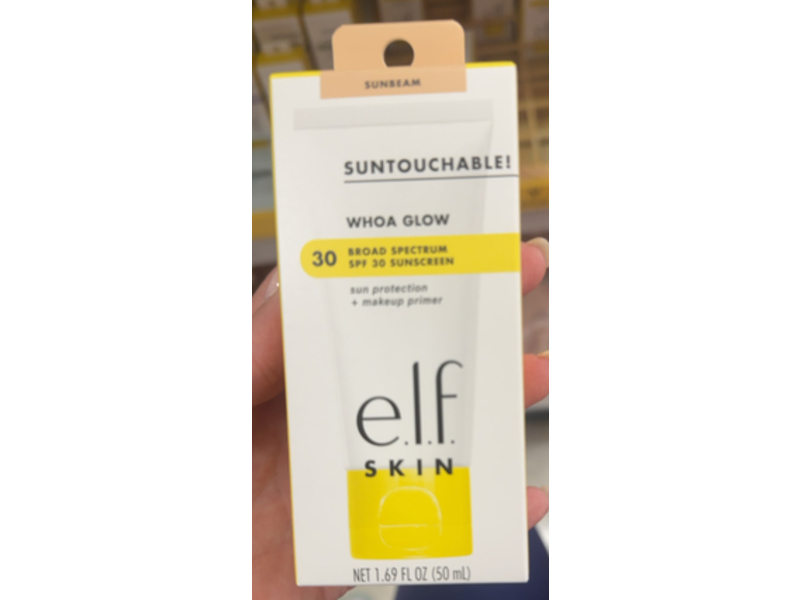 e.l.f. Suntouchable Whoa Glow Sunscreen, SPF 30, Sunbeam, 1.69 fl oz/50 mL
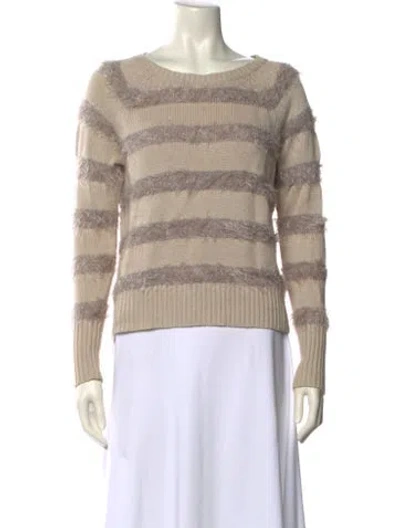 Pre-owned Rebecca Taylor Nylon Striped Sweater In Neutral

---

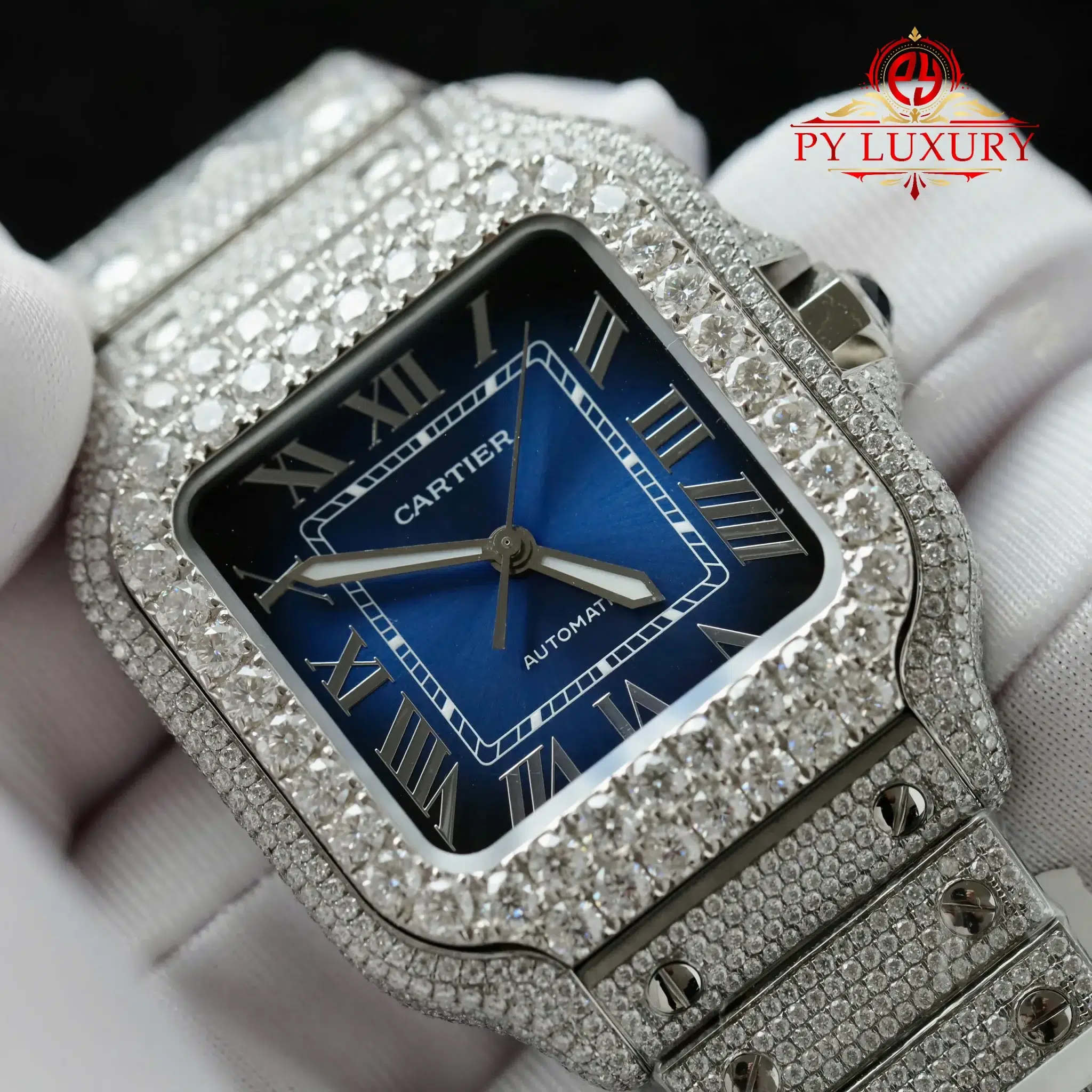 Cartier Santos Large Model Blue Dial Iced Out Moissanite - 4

--

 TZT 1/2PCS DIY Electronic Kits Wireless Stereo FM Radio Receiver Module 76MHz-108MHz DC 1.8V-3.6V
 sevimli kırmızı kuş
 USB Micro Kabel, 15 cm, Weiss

Exercise brief: Copy nothing but the lines above that run from the one with "e.l.f. Suntouchable Whoa" to the one with "Pre-owned Rebecca Taylor", ends included; pictures stay out.

Task answer:
 e.l.f. Suntouchable Whoa Glow Sunscreen, SPF 30, Sunbeam, 1.69 fl oz/50 mL
 Pre-owned Rebecca Taylor Nylon Striped Sweater In Neutral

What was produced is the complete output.